Understanding the production process to ensure maximum
One of the first problems that must be dealt with in a new business is understanding the production process. Every business is different and can have its own specific characteristics, or be required to meet specific needs.
So it is very important to understand exactly what you are dealing with, and to examine each individual aspect, by dividing the production process into many small steps, which is essential when you are looking to optimise the output.

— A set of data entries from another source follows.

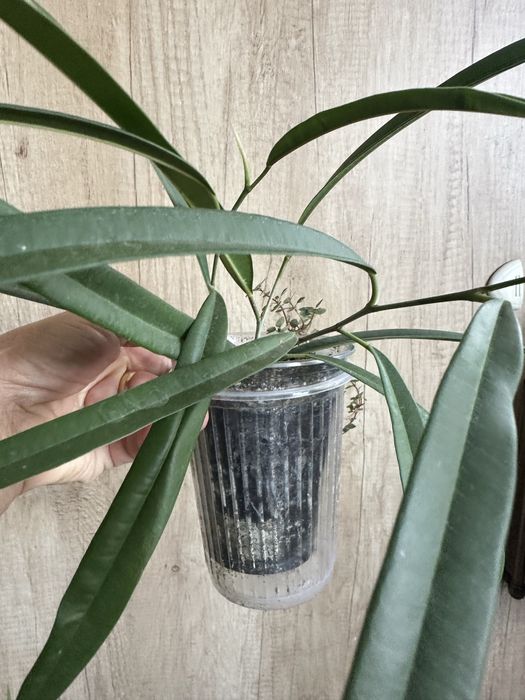 Продам комнатные растения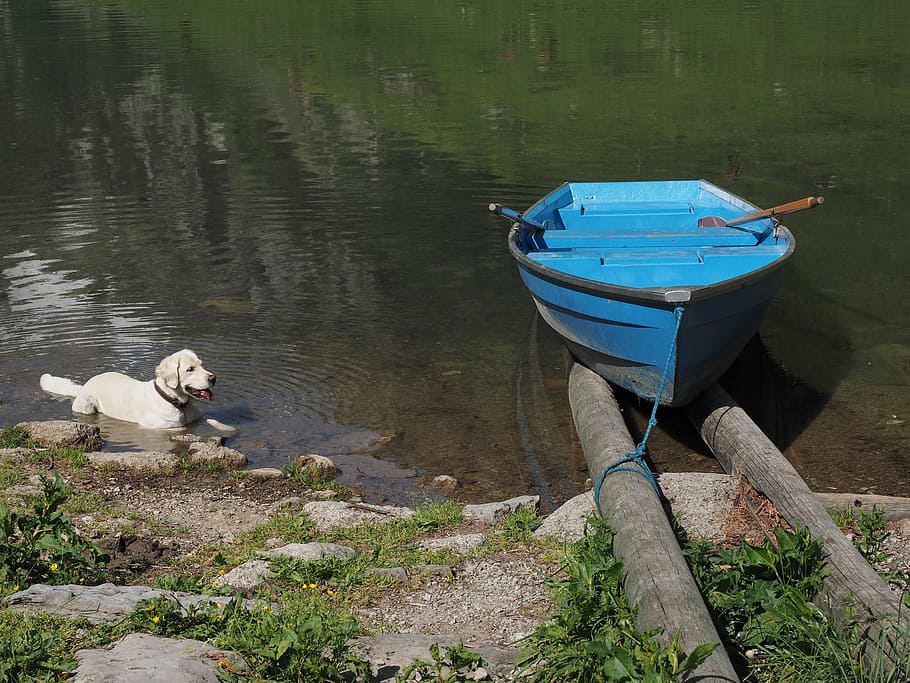 boot, rowing boat, seealpsee, dog, swim, cooling, water, nautical vessel, lake, nature
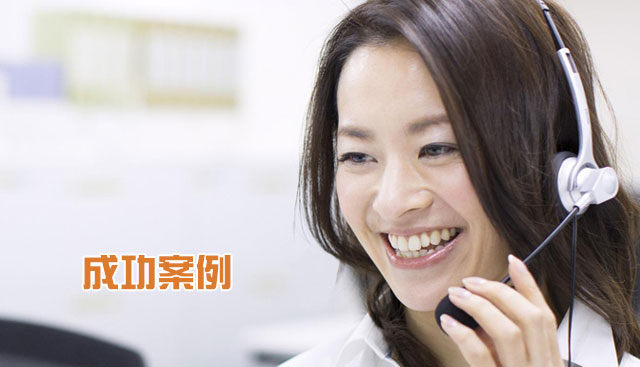 成功案例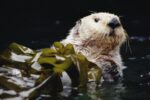 Sea Otter Portrait in Kelp, Pacific coast, North America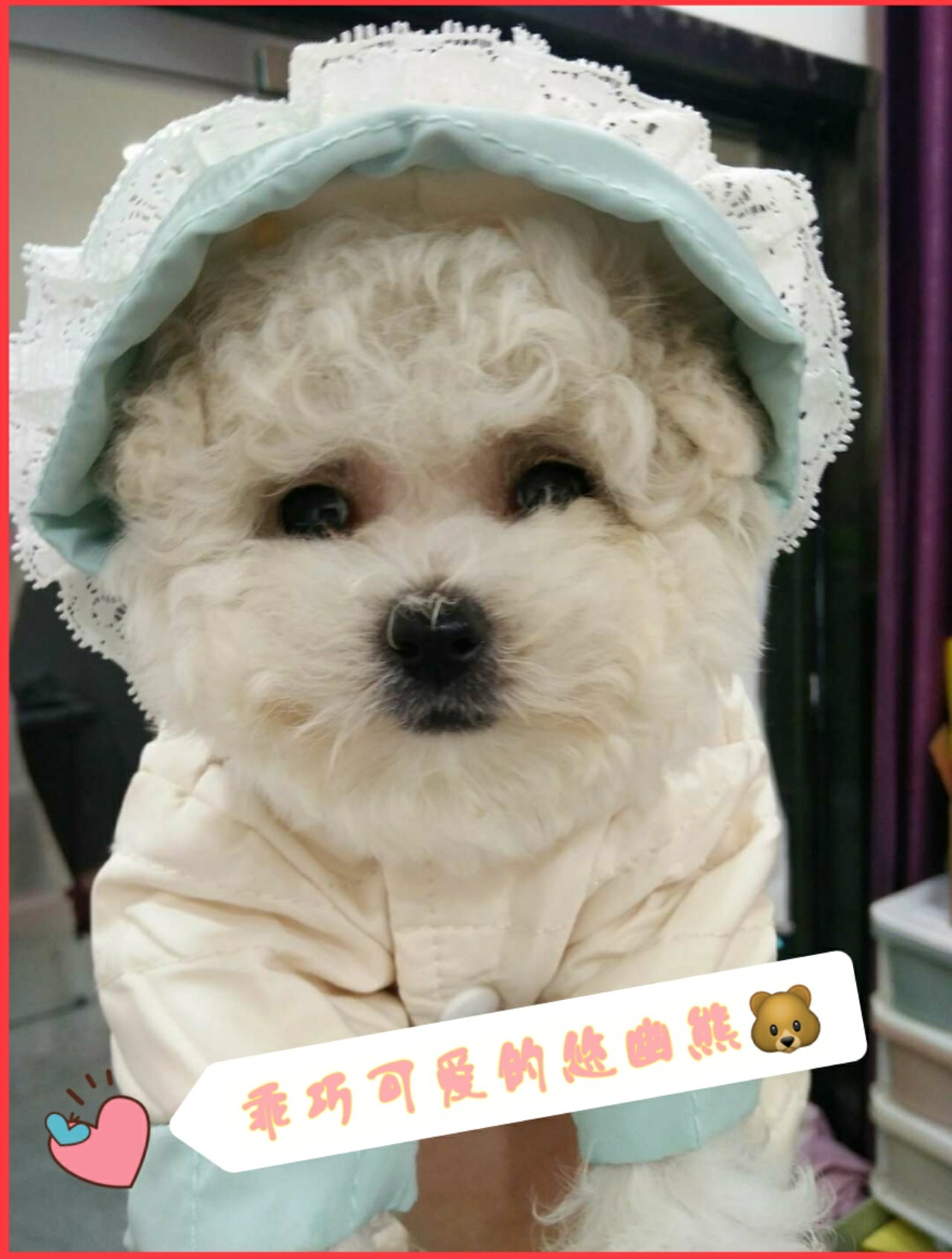 网上买狗不靠谱为啥还有人买,网上买狗需注意什么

To explain this concept clearly, Grove uses the example of making a classic breakfast of boiled eggs and toast. For the breakfast to reach the client on time, there are a few things to consider before you start: the toast, coffee and boiled egg need to be ready at the same time, even though they have different cooking times. The one element that might seem unimportant does in fact hide the first secret to an efficient production process: time management. When analysing the production process of the aforementioned breakfast, we must keep in mind the egg’s cooking time so that we give it first priority, followed by the toast and then the coffee. If you have a lot of breakfasts to cook, you will need to organise a continuous system for boiling the eggs so that you always have some ready. You will need a continuous egg-boiler, which might mean rethinking the whole production process and adapting it accordingly.
Grove says that it is important to identify the so-called ‘sticking point’ that slows down or interrupts production, so as to build the process with the aim of overcoming that obstacle.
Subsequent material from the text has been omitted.